====== INPUT DATA

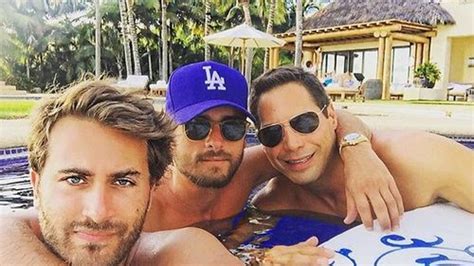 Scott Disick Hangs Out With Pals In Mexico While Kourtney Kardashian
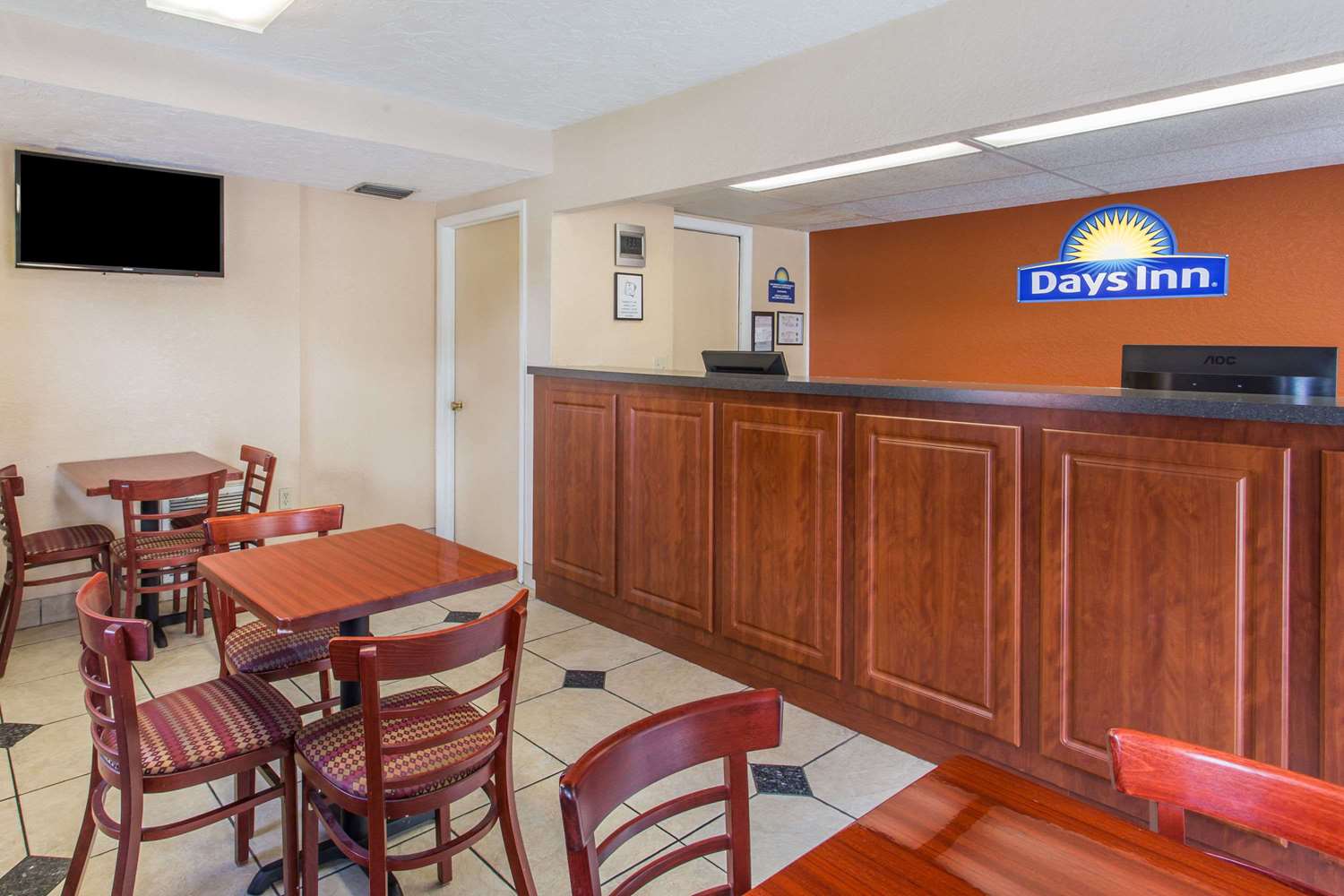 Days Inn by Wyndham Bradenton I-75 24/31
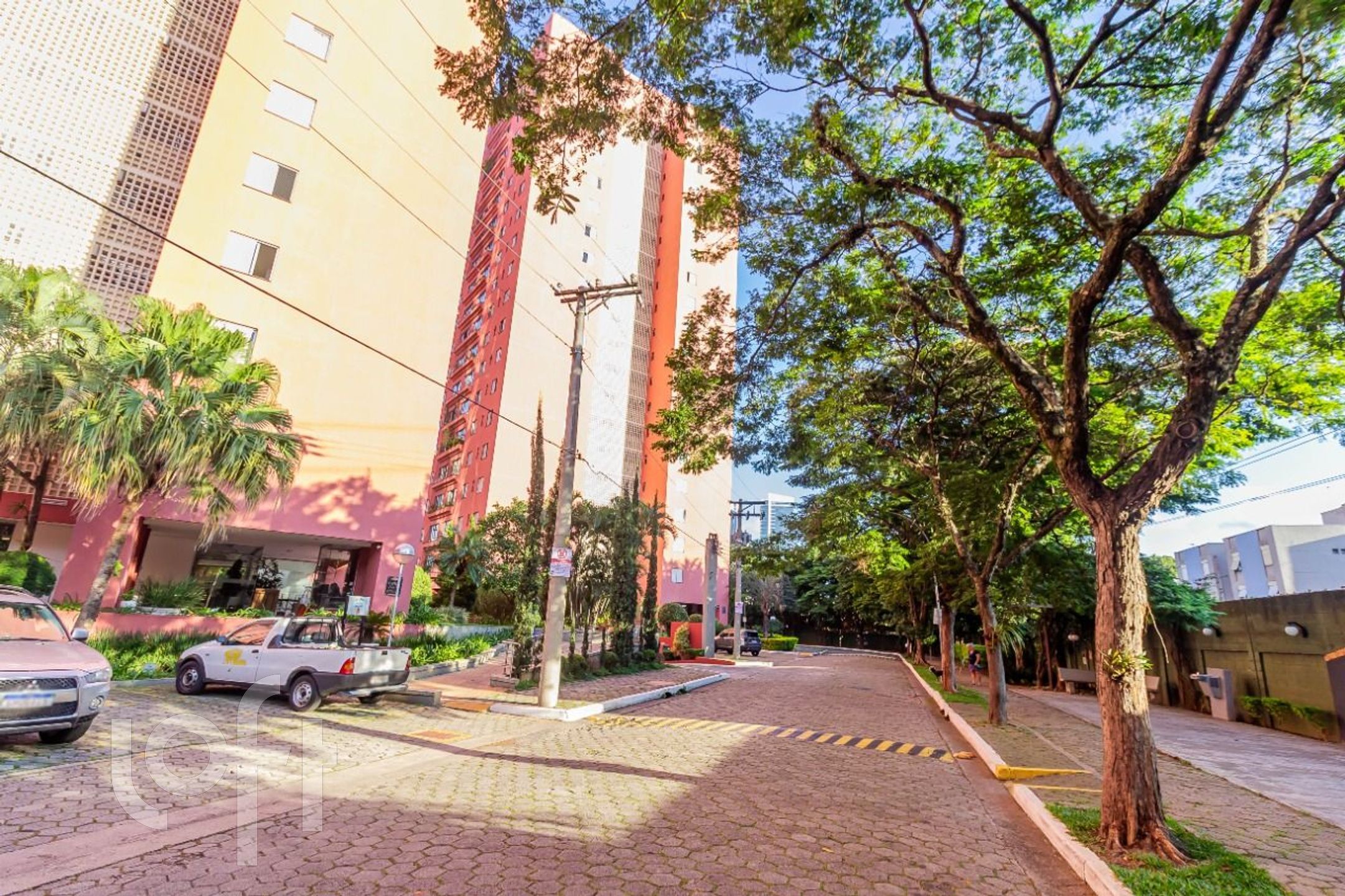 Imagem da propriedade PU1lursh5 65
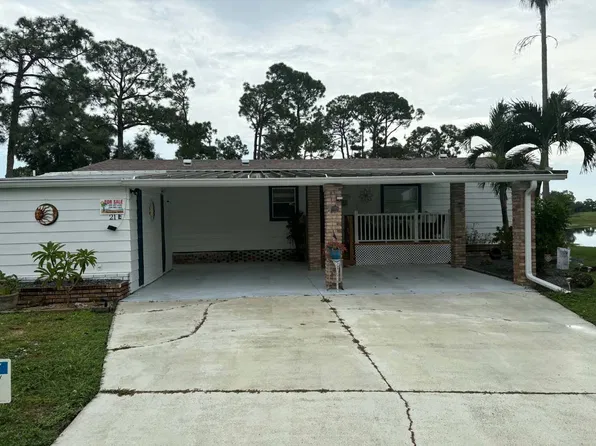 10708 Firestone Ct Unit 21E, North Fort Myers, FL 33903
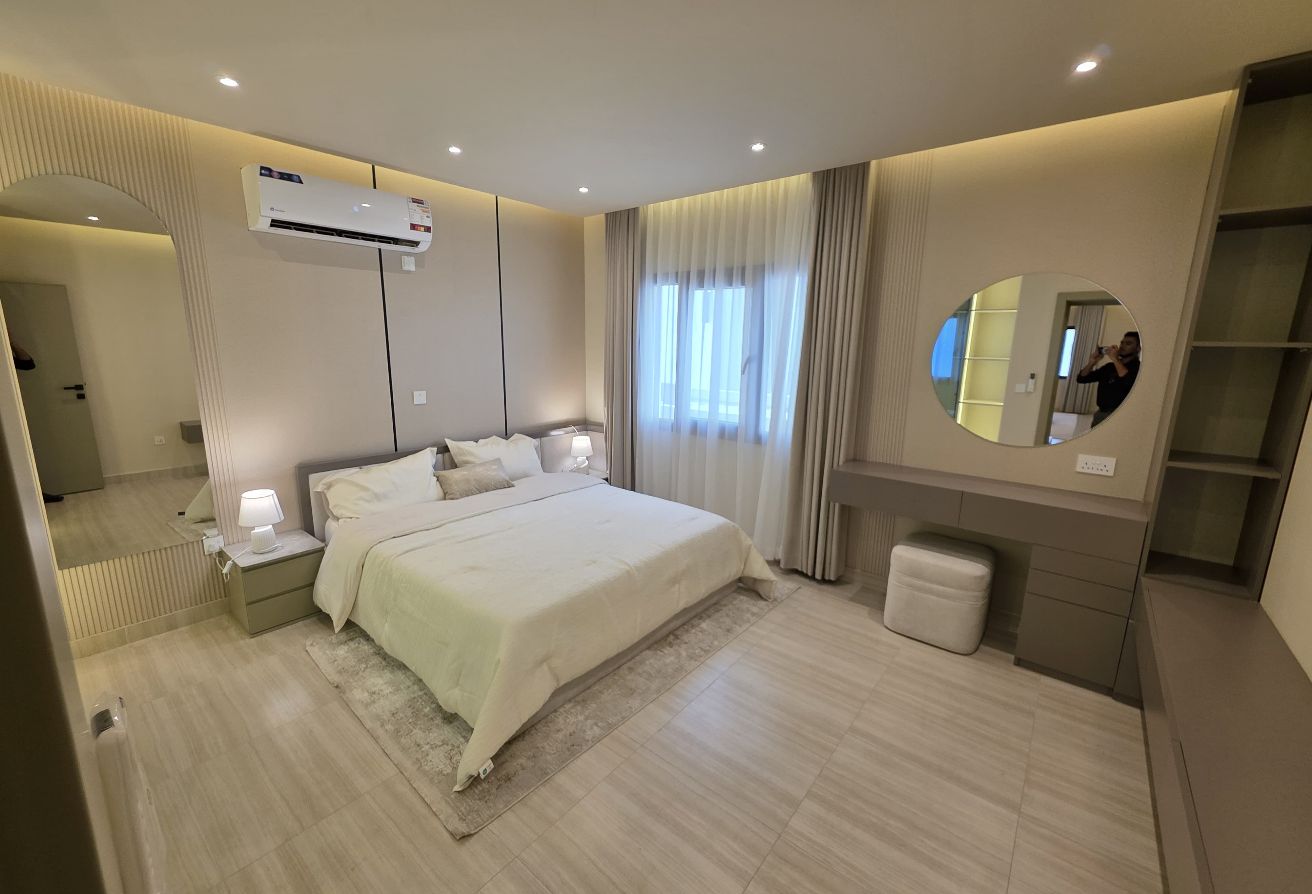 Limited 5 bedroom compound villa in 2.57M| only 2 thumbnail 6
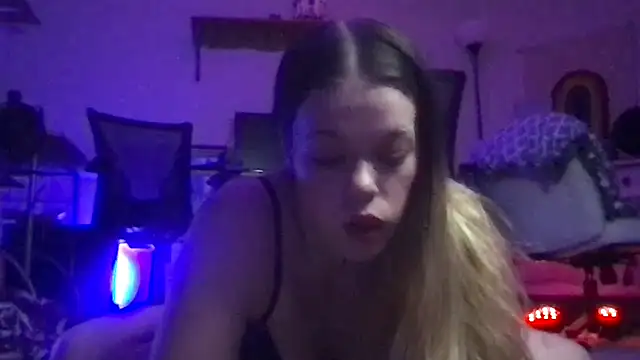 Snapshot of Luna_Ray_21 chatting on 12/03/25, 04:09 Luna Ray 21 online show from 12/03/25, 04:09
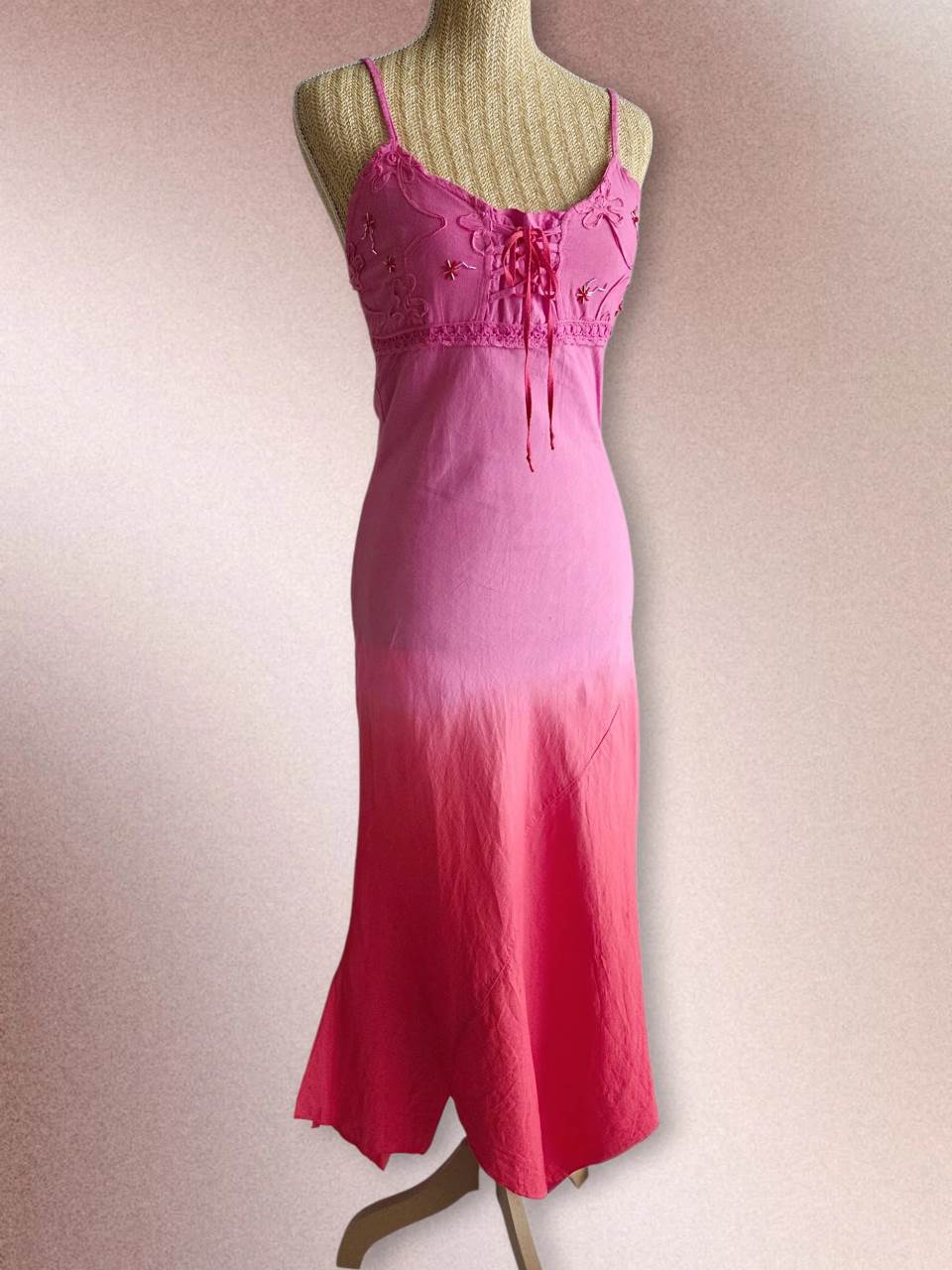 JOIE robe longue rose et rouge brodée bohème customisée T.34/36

============

**TRY IT:** From the entries above, output every line exactly and omit any image.

**RESULT OF THE EXERCISE:**
 Scott Disick Hangs Out With Pals In Mexico While Kourtney Kardashian
 Days Inn by Wyndham Bradenton I-75 24/31
 Imagem da propriedade PU1lursh5 65
 10708 Firestone Ct Unit 21E, North Fort Myers, FL 33903
 Limited 5 bedroom compound villa in 2.57M| only 2 thumbnail 6
 Snapshot of Luna_Ray_21 chatting on 12/03/25, 04:09 Luna Ray 21 online show from 12/03/25, 04:09
 JOIE robe longue rose et rouge brodée bohème customisée T.34/36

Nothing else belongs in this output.